The SUEZ Deutschland GmbH plant in Knittlingen is a collaborative effort with Geltz Umwelt-Technologie GmbH and the Fraunhofer Institute, among others. The objective of this process is to recover over 90% of the materials present in PV modules. The process starts with dismantling cables and junction boxes. Next, the modules undergo thermal treatment, which decomposes the polymers via pyrolysis. The gas mixture resulting from the process mainly comprises methane, propane and butane. After cooling the reactor, the glass, solar cells and aluminium frame are removed. The pyrolysis process preserves all materials except the polymers. The glass and aluminium frame can be directly reused in production after thermal treatment. The solar cells, which are free from polymers, undergo further electrochemical processes to recover valuable metals. Figure 4a illustrates the process flow diagram [54].

4.4.4. Reiling Glas Recycling GmbH & Co. KG (Marienfeld, Germany)

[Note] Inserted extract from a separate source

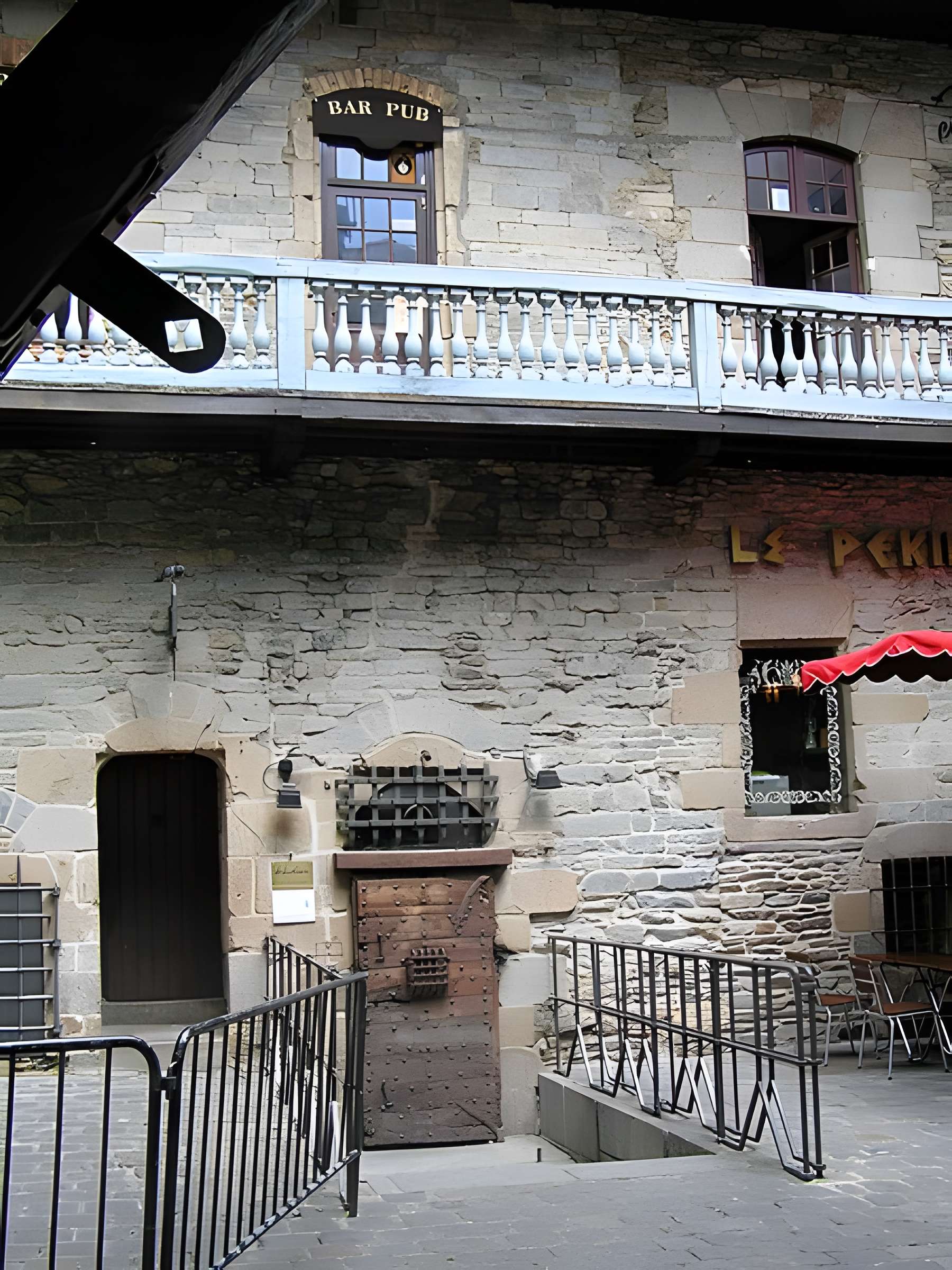 Ancienne manécanterie Saint-Pierre de Rennes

Reiling Glas Recycling GmbH & Co. KG carries out the initial treatment on the EoL modules delivered to the recycling plant. During this process, the cables, junction boxes, and aluminium frame are separated. The glass film composite is then broken down through shredding. Finally, this fraction is sent to the flat glass processing plant. Magnets, crushers, classifiers, eddy current separators, air classifiers, optical and induction sorters, and possibly XRF sorters are used to separate impurities. The treatment process yields three fractions: metals, foils and glass. The metal fraction includes aluminium frames, cables, and ferrous and non-ferrous metals. The foil fraction varies depending on the module, and the glass fraction may contain some impurities. Due to the presence of non-ferrous components, such as busbars and fine non-ferrous particles, as well as films adhering to the glass, this fraction is only suitable for alternative glass applications, such as glass wool, glass beads, or glass blocks, as well as insulating materials. The non-ferrous load in the PV glass product is less than 1 kg/t. The processing scheme is shown in Figure 4b [55].
In addition to France and Germany, several other EU Member States have made notable efforts in the field of photovoltaic cell recycling. For example, countries such as Italy, Spain and the Netherlands have implemented various policies and initiatives to promote sustainable end-of-life management of PV modules. These efforts include a range of activities such as research funding, industry cooperation and regulatory frameworks to facilitate the collection, treatment and recycling of PV waste [56,57].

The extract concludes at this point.